Provided records Start Marker

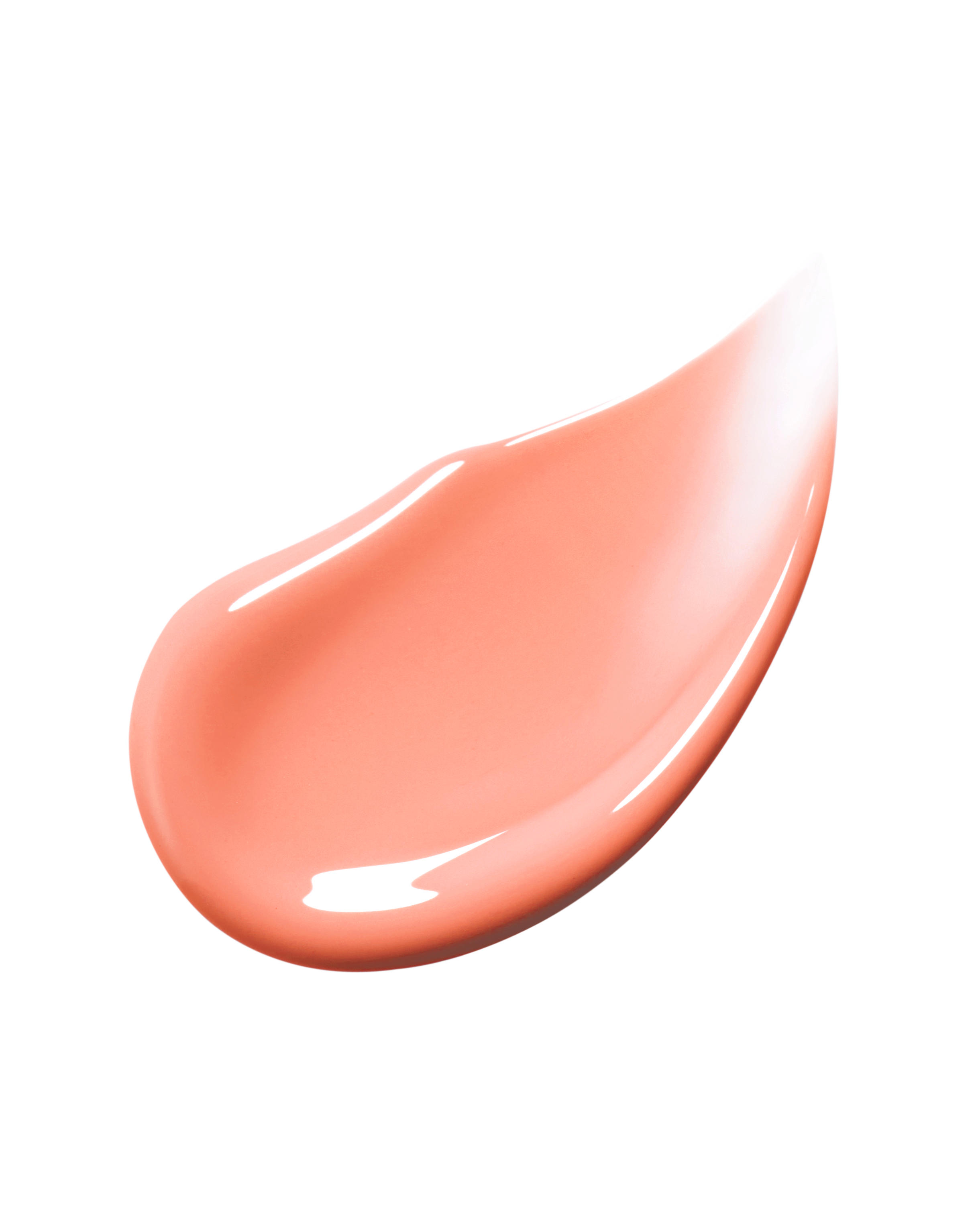 アーティストクッションブラッシュ デューイーコーラル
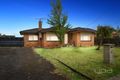 Property photo of 30 Toolern Street Melton South VIC 3338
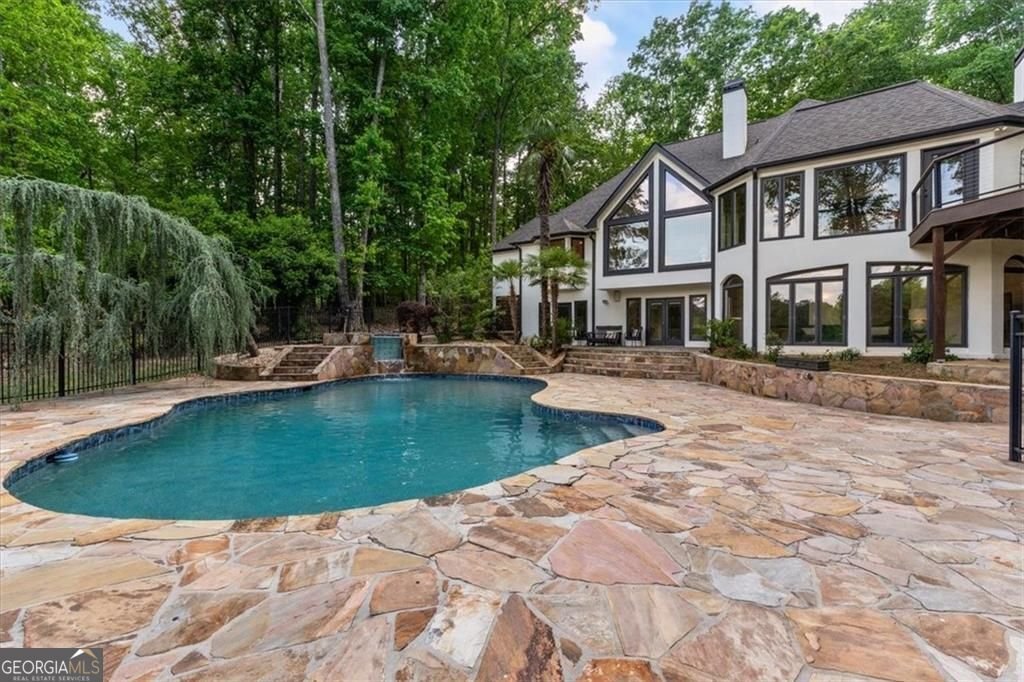 13205 Freemanville Road Milton - Photo 71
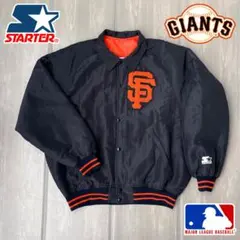 2026年最新】サンフランシスコジャイアンツ スタジャンの人気アイテム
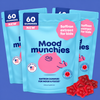 Natural Focus & Calm In 3 Weeks Without Losing Your Child's Spark (PACKS)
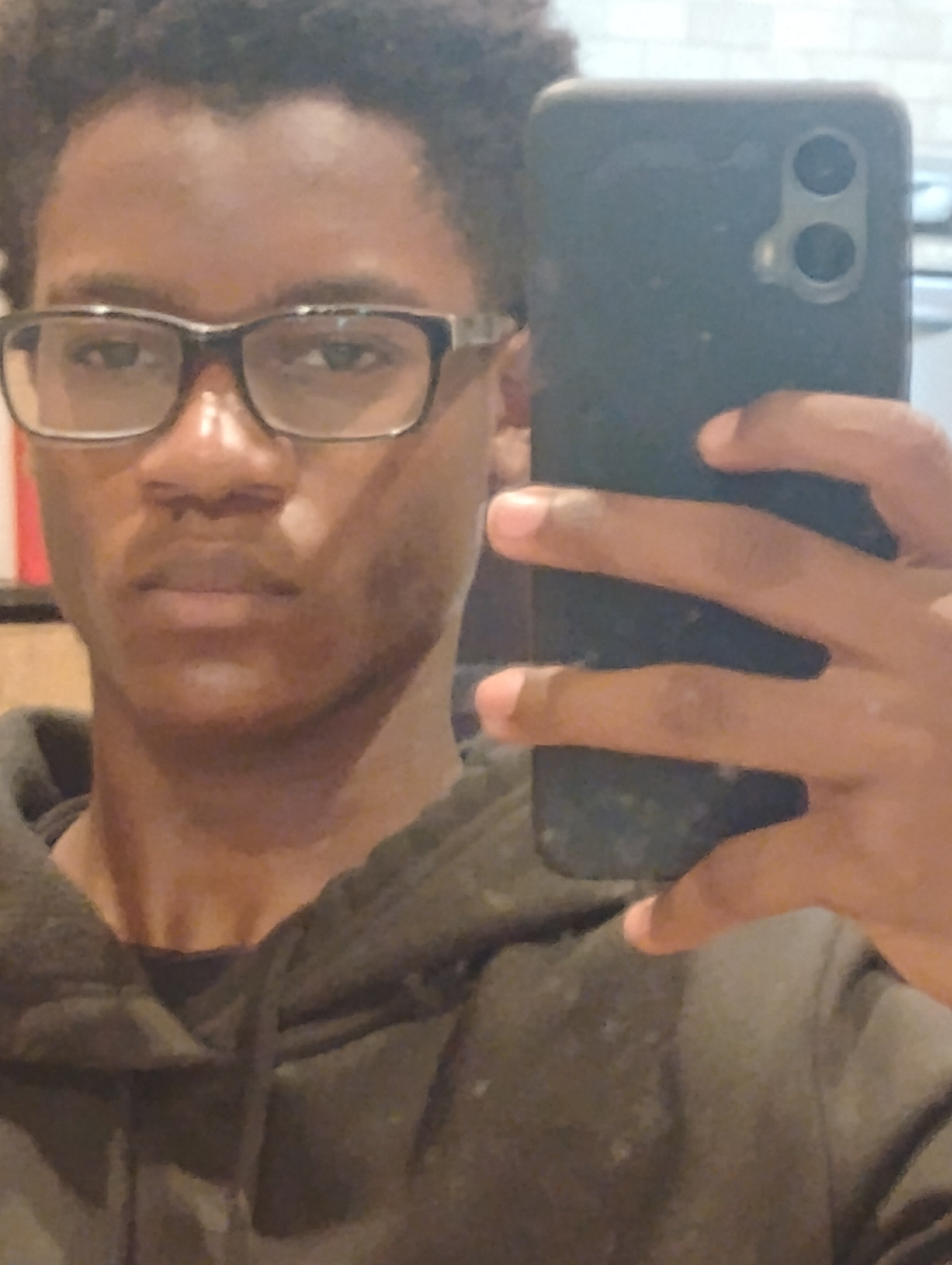 Nigger1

Provided records End Marker

**Your goal**
Give back the full listing exactly as written, only without its pictures.

**Solved exercise**
 アーティストクッションブラッシュ デューイーコーラル
 Property photo of 30 Toolern Street Melton South VIC 3338
 13205 Freemanville Road Milton - Photo 71
 2026年最新】サンフランシスコジャイアンツ スタジャンの人気アイテム
 Natural Focus & Calm In 3 Weeks Without Losing Your Child's Spark (PACKS)
 Nigger1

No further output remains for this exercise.